De Nederlandsche Bank (DNB) said that, of the current 268 pension funds, 45 have indicated that they intended to liquidate.

The total number of Dutch pension funds dropped from more than 1,000 in 1997 to 713 in 2007.

Company pension funds accounted for most of the decline, DNB said, with numbers falling from 605 to 192 in the past 10 years – a 70% drop.

In the same period, the number of industry-wide pension funds fell 40%, from 96 to 59.

The DNB figures showed that most consolidation has involved pension rights transferring to insurers or industry-wide schemes.

However, since 1 July 2016, more than €4bn of pension assets has been transferred to the new general pension funds (APF). APFs were introduced on 1 January 2016. Almost the entire amount has being placed in single-client compartments.

In addition, since 1 July 2016 more than €2.4bn of pension rights was placed in a cross-border vehicle based outside of the Netherlands.

According to DNB, this involved a limited number of multi-nationals.
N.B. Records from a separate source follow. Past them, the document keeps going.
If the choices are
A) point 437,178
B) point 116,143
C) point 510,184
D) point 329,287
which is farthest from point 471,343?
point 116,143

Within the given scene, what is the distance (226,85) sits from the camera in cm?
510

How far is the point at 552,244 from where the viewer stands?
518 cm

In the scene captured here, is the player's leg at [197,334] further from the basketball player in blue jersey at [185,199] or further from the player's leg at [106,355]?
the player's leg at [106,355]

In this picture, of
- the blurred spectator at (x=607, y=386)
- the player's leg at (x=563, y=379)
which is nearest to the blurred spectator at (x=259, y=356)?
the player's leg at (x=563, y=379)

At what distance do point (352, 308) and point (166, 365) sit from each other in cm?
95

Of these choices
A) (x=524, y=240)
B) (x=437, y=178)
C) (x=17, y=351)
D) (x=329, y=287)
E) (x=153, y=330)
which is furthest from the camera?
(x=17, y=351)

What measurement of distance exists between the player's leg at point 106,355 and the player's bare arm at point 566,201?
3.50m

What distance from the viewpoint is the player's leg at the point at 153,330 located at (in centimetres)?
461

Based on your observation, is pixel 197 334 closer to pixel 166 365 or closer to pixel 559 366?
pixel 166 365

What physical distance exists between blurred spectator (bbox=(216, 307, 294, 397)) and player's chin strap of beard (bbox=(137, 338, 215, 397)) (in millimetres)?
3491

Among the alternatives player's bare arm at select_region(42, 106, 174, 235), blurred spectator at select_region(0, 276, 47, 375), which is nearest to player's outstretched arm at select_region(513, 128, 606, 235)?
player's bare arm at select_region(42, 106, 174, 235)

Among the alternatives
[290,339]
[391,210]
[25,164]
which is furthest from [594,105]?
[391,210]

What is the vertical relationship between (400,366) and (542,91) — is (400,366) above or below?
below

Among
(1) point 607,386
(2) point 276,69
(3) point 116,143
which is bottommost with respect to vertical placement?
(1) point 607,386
Companies such as Aon Hewitt have combined their pension arrangements in several EU member states into a single company scheme.
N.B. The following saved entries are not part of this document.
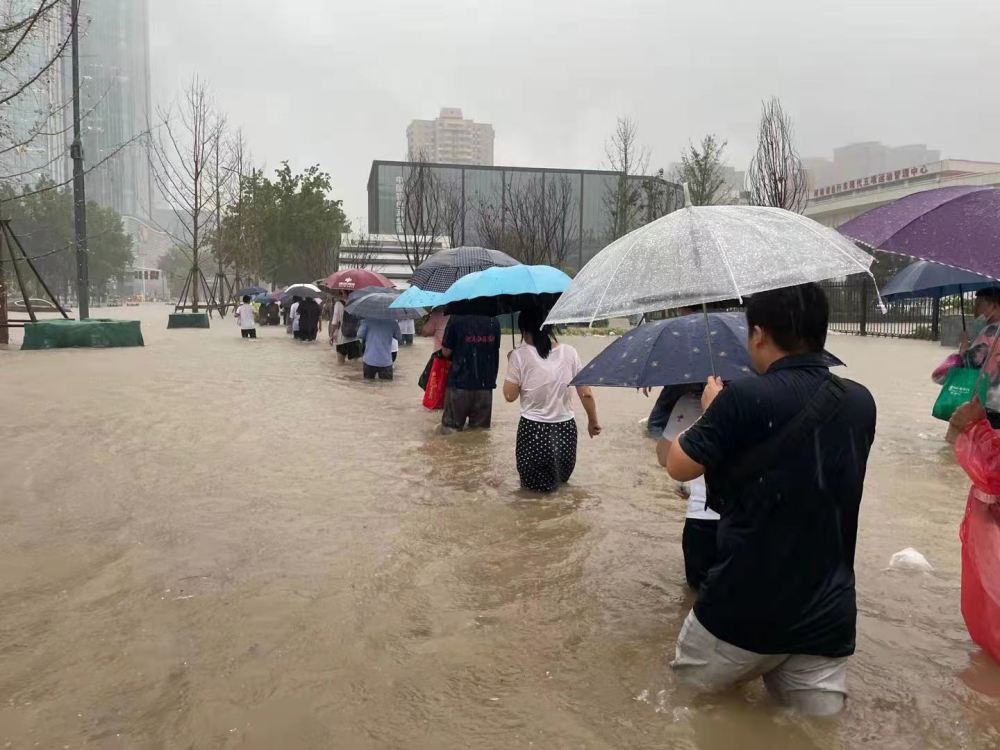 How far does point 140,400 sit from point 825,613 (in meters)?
10.1

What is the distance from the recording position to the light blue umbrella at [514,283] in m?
6.10

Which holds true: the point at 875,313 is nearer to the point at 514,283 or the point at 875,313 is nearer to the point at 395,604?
the point at 514,283

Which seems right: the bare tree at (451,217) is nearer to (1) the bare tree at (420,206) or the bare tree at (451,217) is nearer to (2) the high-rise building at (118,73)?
(1) the bare tree at (420,206)

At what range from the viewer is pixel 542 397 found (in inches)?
223

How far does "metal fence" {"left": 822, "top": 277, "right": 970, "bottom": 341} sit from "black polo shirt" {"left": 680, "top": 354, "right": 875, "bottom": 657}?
80.4ft

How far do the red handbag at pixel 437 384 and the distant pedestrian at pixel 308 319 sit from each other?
15.2m

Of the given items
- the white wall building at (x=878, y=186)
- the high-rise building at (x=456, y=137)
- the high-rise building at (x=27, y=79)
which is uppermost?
the high-rise building at (x=456, y=137)

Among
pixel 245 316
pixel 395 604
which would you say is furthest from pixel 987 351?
pixel 245 316

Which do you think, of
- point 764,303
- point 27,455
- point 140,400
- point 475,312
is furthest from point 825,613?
point 140,400

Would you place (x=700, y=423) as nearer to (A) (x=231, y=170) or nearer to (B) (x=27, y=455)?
(B) (x=27, y=455)

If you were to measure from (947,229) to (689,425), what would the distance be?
4.56ft

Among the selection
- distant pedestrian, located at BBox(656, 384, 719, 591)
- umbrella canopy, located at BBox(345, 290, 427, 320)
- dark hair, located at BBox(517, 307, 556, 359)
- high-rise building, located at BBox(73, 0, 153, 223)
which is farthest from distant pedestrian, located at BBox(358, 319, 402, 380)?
high-rise building, located at BBox(73, 0, 153, 223)

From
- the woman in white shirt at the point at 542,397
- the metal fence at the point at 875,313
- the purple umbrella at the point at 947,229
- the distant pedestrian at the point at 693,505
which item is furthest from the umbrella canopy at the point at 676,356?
the metal fence at the point at 875,313

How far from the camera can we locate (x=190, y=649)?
3.45 m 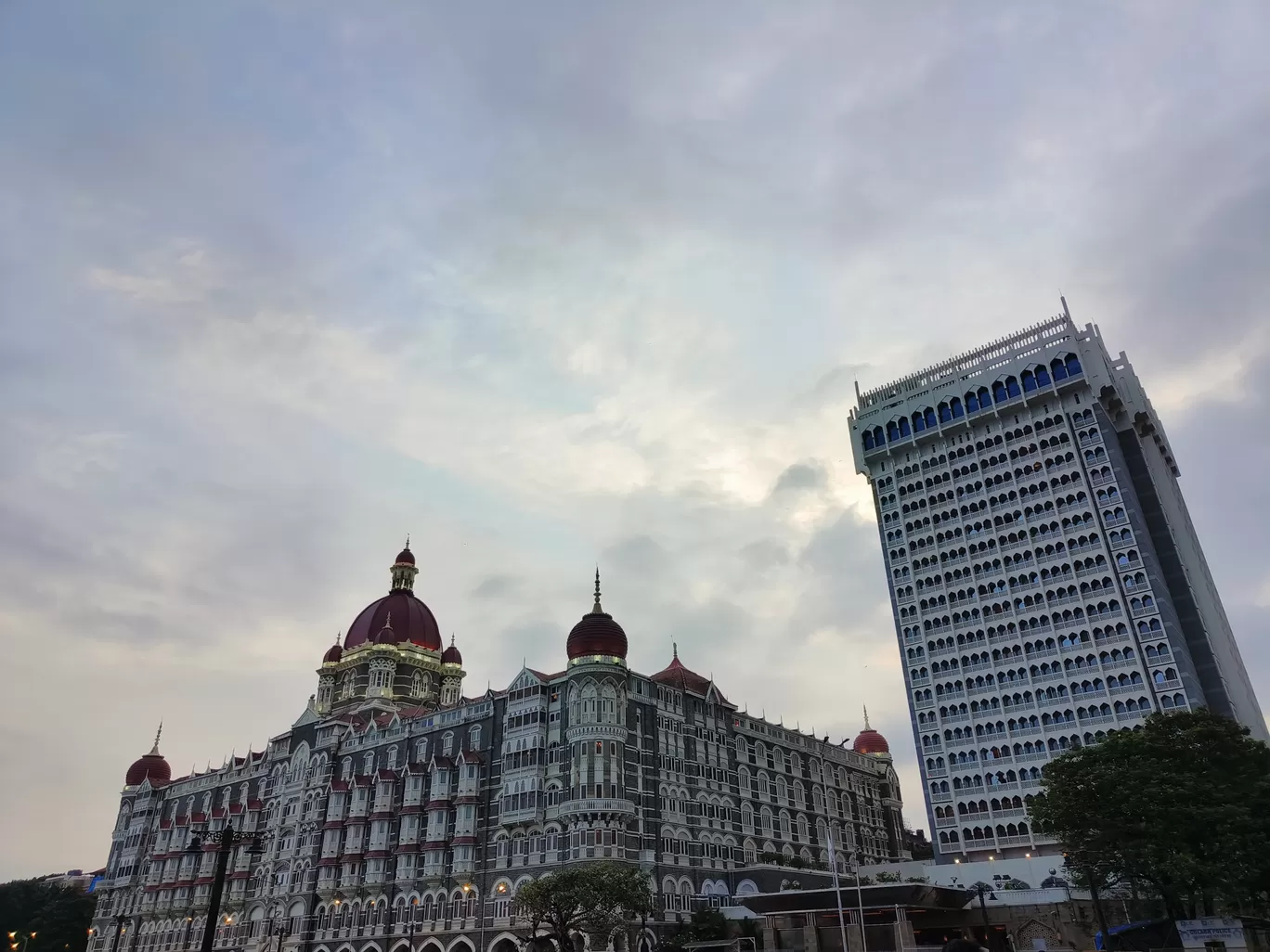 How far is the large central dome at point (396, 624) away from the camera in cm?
12256

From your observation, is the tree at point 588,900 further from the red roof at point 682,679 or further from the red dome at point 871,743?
the red dome at point 871,743

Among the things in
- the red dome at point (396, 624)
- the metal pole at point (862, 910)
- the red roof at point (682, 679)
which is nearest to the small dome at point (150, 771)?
the red dome at point (396, 624)

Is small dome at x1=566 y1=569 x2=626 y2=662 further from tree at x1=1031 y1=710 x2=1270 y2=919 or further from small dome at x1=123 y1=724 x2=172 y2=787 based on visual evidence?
small dome at x1=123 y1=724 x2=172 y2=787

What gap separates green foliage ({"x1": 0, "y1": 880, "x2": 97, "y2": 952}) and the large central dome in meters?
53.8

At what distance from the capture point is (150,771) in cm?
12962

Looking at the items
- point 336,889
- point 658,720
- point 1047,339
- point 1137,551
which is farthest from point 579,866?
point 1047,339

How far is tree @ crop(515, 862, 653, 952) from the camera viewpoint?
198ft

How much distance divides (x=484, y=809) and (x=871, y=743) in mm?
65168

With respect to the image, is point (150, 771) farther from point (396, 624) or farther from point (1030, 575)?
point (1030, 575)

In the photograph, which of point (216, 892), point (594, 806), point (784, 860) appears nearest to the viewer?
point (216, 892)

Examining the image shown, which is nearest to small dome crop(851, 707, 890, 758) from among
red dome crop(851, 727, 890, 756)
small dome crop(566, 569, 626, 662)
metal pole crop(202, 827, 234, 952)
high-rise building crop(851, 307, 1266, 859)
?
red dome crop(851, 727, 890, 756)

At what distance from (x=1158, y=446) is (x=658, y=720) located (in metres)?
73.5

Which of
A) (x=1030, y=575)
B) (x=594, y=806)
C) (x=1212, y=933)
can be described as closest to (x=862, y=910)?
(x=594, y=806)

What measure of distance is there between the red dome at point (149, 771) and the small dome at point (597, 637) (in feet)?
275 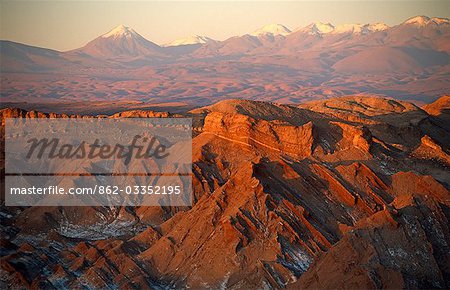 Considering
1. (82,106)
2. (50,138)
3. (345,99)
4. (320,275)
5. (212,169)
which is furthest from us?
(82,106)

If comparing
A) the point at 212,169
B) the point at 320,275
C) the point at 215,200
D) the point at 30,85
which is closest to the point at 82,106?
the point at 30,85

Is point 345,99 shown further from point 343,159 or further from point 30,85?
point 30,85

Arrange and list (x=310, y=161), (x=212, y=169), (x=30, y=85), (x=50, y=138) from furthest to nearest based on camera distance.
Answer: (x=30, y=85) → (x=50, y=138) → (x=212, y=169) → (x=310, y=161)

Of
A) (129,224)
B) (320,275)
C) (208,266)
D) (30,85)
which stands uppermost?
(320,275)

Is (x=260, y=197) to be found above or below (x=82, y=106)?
above

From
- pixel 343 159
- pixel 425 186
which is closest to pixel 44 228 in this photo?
pixel 343 159

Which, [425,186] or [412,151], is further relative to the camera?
[412,151]

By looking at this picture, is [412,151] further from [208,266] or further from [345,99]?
[345,99]

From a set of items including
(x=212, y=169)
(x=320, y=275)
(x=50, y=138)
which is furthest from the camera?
(x=50, y=138)

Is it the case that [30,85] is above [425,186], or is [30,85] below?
below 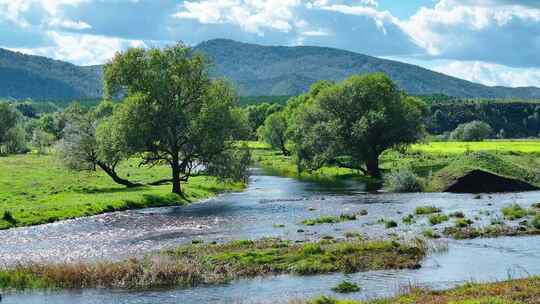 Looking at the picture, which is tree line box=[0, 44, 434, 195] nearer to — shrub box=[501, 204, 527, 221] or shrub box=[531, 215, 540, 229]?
shrub box=[501, 204, 527, 221]

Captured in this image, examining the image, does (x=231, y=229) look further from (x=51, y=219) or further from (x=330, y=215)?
(x=51, y=219)

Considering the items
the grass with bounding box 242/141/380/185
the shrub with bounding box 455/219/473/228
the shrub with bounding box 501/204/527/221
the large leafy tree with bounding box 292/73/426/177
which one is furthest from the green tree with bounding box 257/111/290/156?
the shrub with bounding box 455/219/473/228

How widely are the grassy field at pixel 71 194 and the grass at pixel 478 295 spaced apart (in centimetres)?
3938

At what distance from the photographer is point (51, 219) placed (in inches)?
2539

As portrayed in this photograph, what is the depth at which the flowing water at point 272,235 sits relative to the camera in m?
36.8

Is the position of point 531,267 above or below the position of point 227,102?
below

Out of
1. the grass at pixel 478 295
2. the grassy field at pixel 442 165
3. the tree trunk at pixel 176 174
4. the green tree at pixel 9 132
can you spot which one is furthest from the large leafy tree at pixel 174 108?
the green tree at pixel 9 132

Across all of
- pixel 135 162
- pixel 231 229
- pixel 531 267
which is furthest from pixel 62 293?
pixel 135 162

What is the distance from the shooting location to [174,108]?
81938mm

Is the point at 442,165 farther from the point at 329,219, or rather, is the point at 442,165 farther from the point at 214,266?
the point at 214,266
The regulator said €13.3bn was transferred out of liquidating or merging schemes last year. with more than €3.3bn going to sector schemes and €515m to company pension funds.

Premium pension institutions (PPI) – a low-cost defined contribution vehicle – gained €36m from the consolidation process.
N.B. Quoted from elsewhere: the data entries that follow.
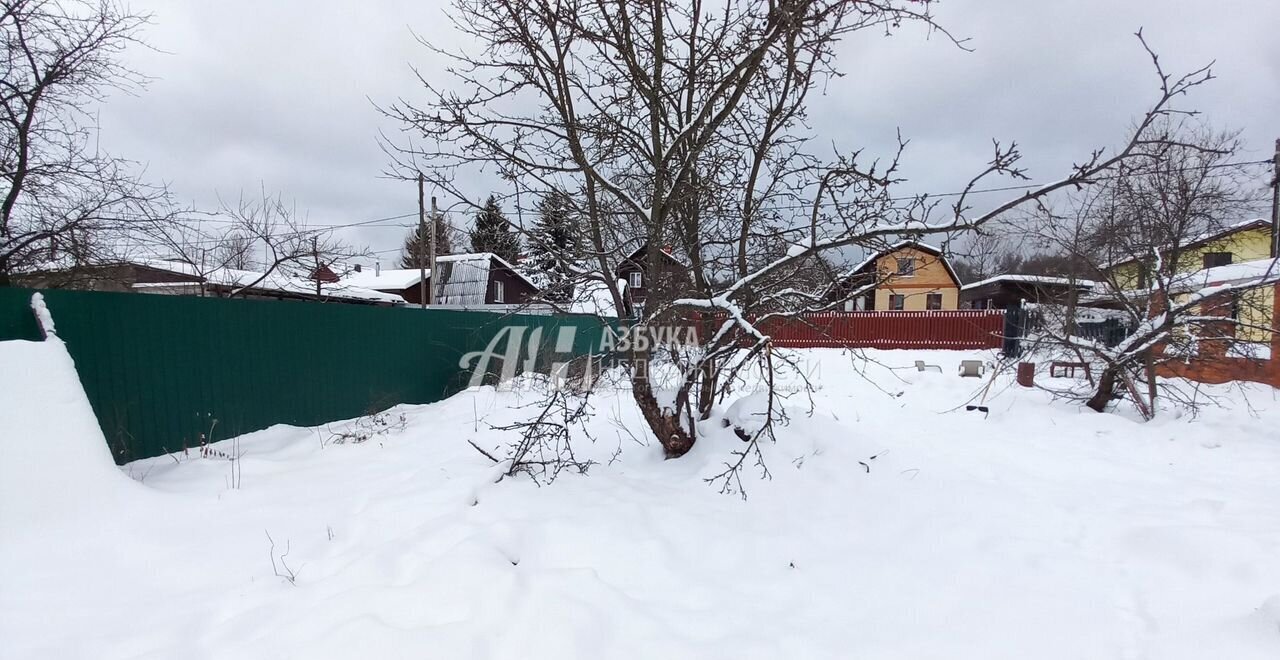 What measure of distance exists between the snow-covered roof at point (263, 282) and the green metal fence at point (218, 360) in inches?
72.0

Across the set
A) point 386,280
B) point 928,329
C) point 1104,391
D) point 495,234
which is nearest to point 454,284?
point 386,280

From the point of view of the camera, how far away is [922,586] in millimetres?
2248

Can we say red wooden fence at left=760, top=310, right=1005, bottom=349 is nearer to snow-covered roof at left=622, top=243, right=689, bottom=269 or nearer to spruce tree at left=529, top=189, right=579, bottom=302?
snow-covered roof at left=622, top=243, right=689, bottom=269

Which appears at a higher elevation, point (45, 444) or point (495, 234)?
point (495, 234)

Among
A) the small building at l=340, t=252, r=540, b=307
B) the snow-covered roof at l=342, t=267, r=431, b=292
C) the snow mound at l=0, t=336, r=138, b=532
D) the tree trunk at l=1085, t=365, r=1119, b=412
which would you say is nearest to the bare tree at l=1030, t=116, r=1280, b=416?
the tree trunk at l=1085, t=365, r=1119, b=412

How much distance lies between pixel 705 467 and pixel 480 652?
196cm

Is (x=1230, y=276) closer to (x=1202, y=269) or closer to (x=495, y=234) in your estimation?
(x=1202, y=269)

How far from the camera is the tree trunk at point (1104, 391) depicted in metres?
5.86

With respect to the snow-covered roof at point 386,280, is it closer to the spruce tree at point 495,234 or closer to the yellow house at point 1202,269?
the spruce tree at point 495,234

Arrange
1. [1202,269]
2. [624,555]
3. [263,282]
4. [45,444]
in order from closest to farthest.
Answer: [624,555]
[45,444]
[1202,269]
[263,282]

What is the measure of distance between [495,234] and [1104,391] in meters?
6.87

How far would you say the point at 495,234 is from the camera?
376 centimetres

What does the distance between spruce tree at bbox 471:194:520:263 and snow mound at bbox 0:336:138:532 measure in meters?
2.39

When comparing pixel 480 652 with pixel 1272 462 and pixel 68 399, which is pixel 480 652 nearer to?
pixel 68 399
The watchdog said that a pension fund’s decision to liquidate or merge was often triggered by a combination of developments, such as increasing costs of pensions provision, legal demands, difficulties finding suitable board members, and a pension fund’s financial position or demography.

Corporate mergers and liquidations, as well as changes to pension arrangements, also played a role, DNB said.

DNB said it expected that every pension fund considered its long-term viability and also had a strategy for its future.

It underlined the importance of a vision for the future by citing the lack of clarity about the sector’s future pending a review of the entire Dutch pensions system.

For 2017, DNB said it had identified 22 pension funds as being “extra vulnerable” and that it had requested these schemes to draw up a plan for their future.